We estimate that the average US adult will spend 21.5 minutes in a gaming app per day, and mobile is attracting nearly half of time spent with digital games among US gamers ages 14 and older, according to Deloitte. This has led to a rapid rise of free-to-play games that are primarily driven by advertising. It’s also led some midcore and hardcore games, which attract gamers willing to play for hours a day, to explore some forms of advertising within their games.
That’s where the idea for Arcade, and similar services like Google Play Pass, Google Stadia and Microsoft xCloud, comes in. Arcade offers a subscription for $4.99 per month for unlimited access to game titles and game play, and both promise no advertising or in-app purchases, like buying a Netflix subscription for games. At $4.99 per month—the same as the even newer Google Play Pass—it should be within reach for a broad range of consumers.
These services could be attractive for an array of consumers. For less-intense gamers, the services are optimized for mobile but avoid the advertising found in most mobile games. Hardcore gamers can play a variety of game titles without dealing with in-app purchases or buying the games. That said, hardcore gamers may eventually gravitate toward subscription-based streaming gaming services, such as Google's Stadia and Microsoft xCloud, which leave the heavy computing to cloud-based servers, letting them replicate the full console experience from any device.

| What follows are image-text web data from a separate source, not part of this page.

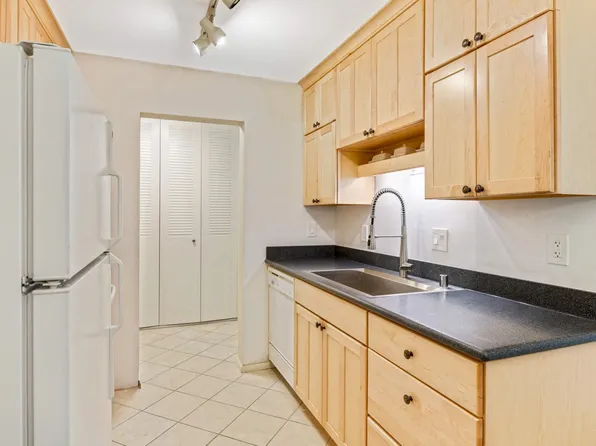 4370 Brookside Ct APT 109, Edina, MN 55436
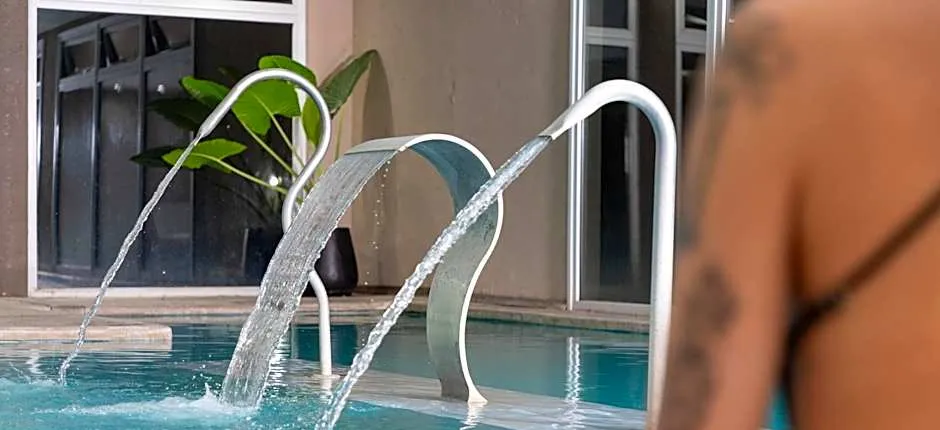 Howard Johnson Escobar Hotel
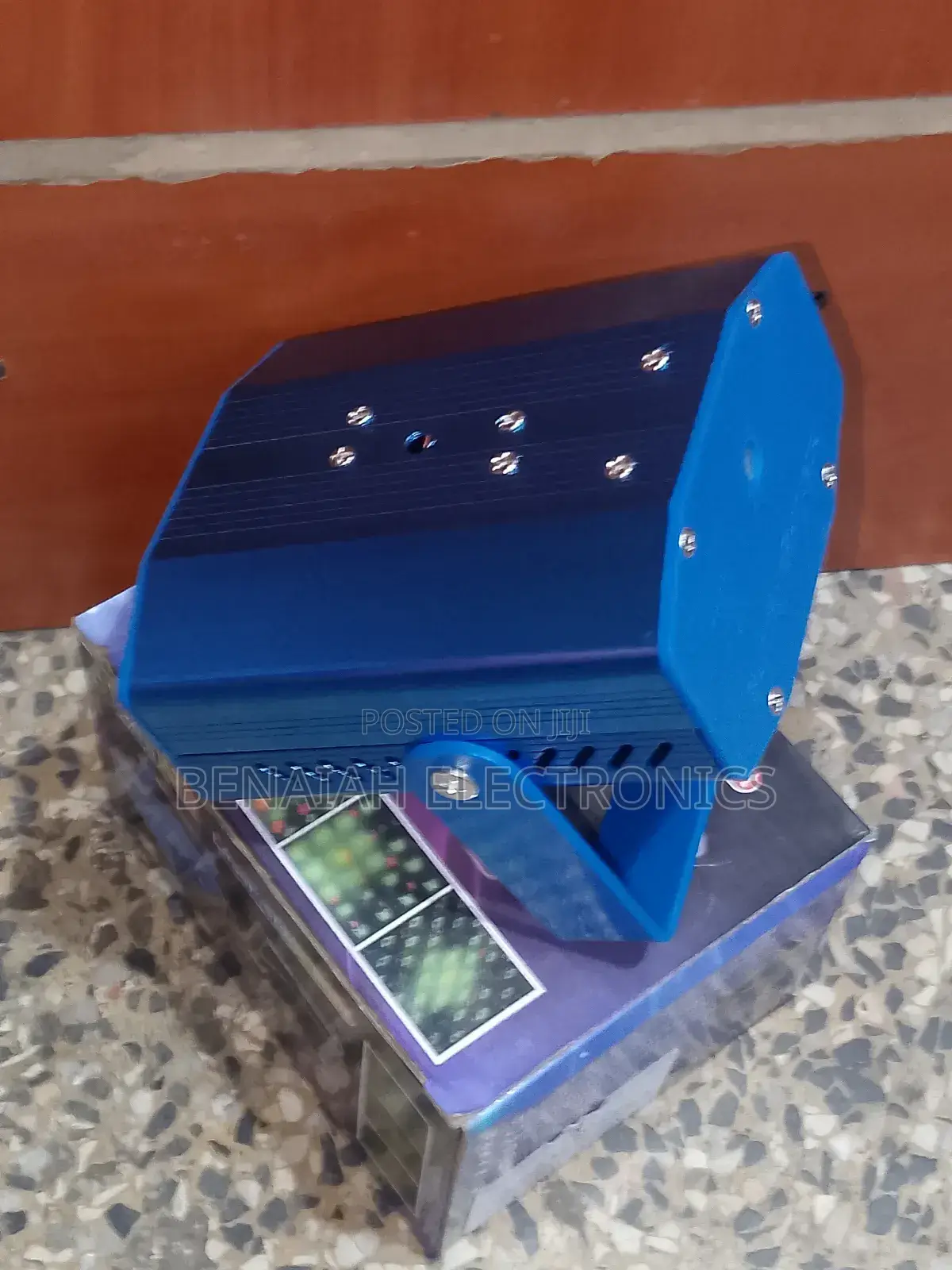 Laser Stage Lighting Machine With More Than 1000 Stylish Beams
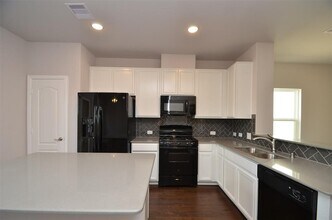 3210 Harmony Creek Ln in Spring, TX - Building Photo - Building Photo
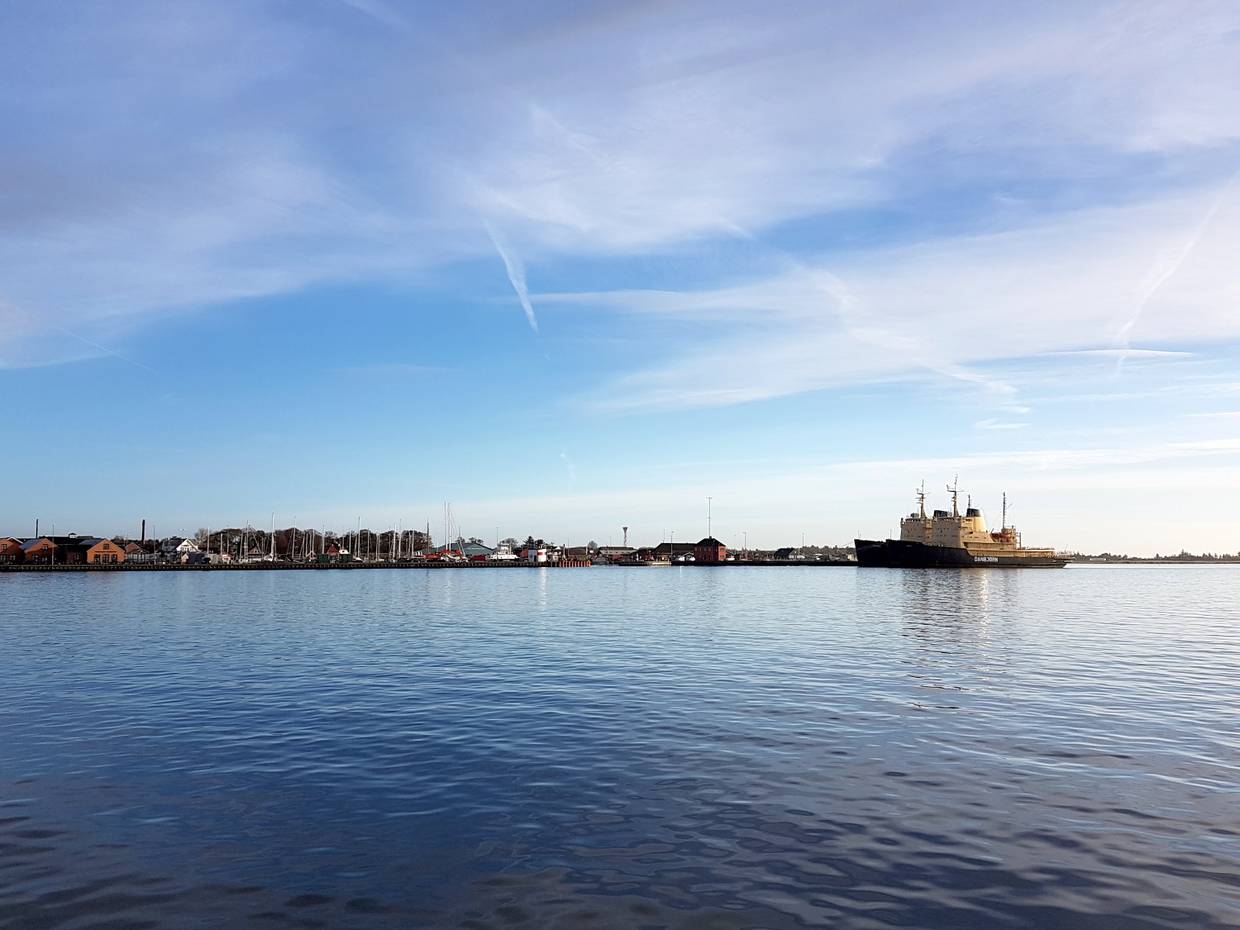 Blick über den Limfjord auf den Hafen von Hals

There are many opportunities for these subscription gaming services, but there are also some potential pitfalls. First of all, there may be a point when consumers feel some subscription fatigue. A March 2019 survey by Fetch found that 40% of respondents indicated that they would look into how many subscriptions they have in order to pare down some. It’s still unclear whether subscription games will run into subscription fatigue or ride the subscription wave.
Then there’s the problem of getting developers to build their games for these platforms. At the moment, Apple and Google have attracted some game developers to the new platforms. But in the long run, developers will need to see solid returns from putting their games on these services. Because the companies are forgoing ads or in-app purchases, the business model is very different, and it’s unclear whether developers will find the business model ultimately attractive.
“Publishers will be very aware of the long-term value of the service,” said Offer Yehudai, president of app monetization platform Fyber. “If they can’t see the value, there will be a small amount of content that was paid a lot [to be there]. Or you’ll see games that are already past their peak.”
Regardless, we should know more about consumer receptivity to these subscription gaming services very soon.